RECORDS SHOWN section start
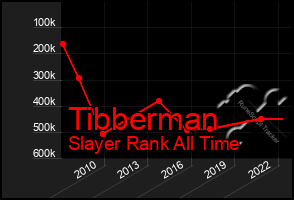 Total Graph of Tibberman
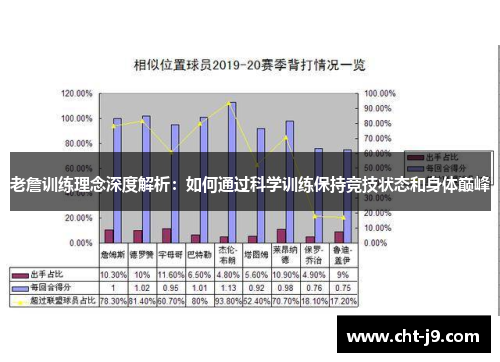 老詹训练理念深度解析：如何通过科学训练保持竞技状态和身体巅峰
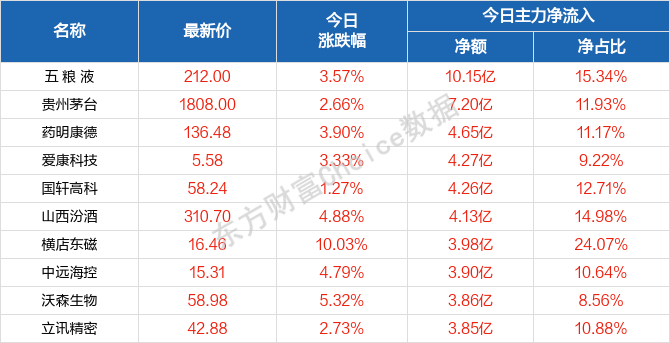 一曦时光 第4页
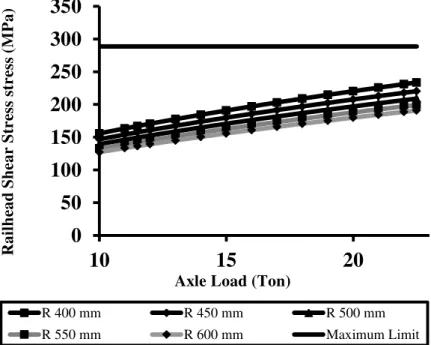 Fig. 3. Variations of contact stress spalling with axle load for different wheel radiuses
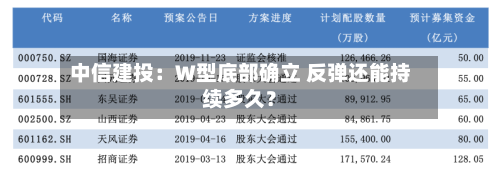 中信建投:W型底部确立 反弹还能持续多久?-第2张图片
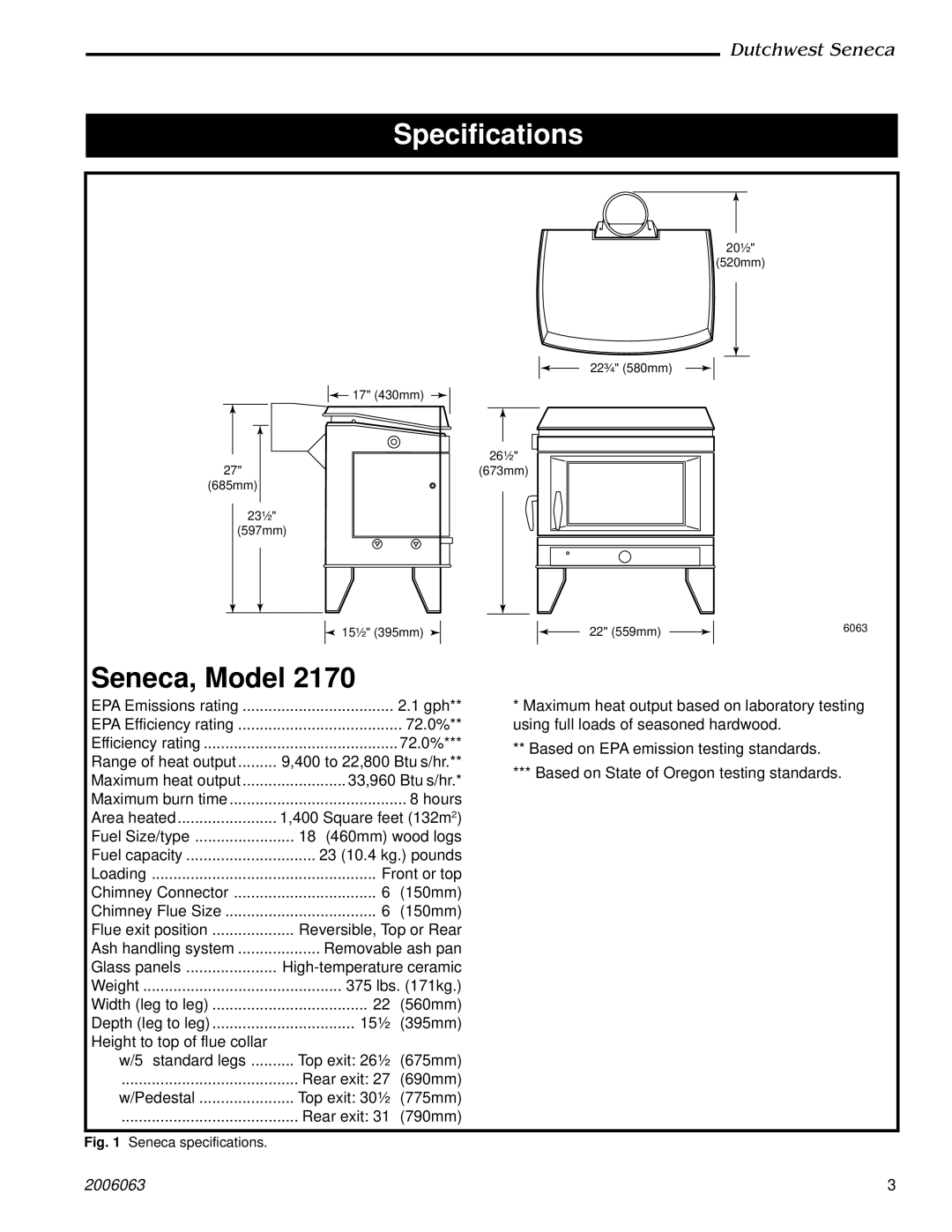 Vermont Casting 2170 manual Specifications, Seneca, Model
RECORDS SHOWN section end
▸ **WHAT YOU HAVE TO DO**:
Starting at the line that contains "老詹训练理念深度解析：如何通过科学训练保持竞技状态和身体巅峰", retype every line through the end of the material exactly as written, including both end lines but no pictures.

▸ **OUTPUT OF THE EXERCISE**:
 老詹训练理念深度解析：如何通过科学训练保持竞技状态和身体巅峰
 一曦时光 第4页
 Fig. 3. Variations of contact stress spalling with axle load for different wheel radiuses
 中信建投:W型底部确立 反弹还能持续多久?-第2张图片
 Vermont Casting 2170 manual Specifications, Seneca, Model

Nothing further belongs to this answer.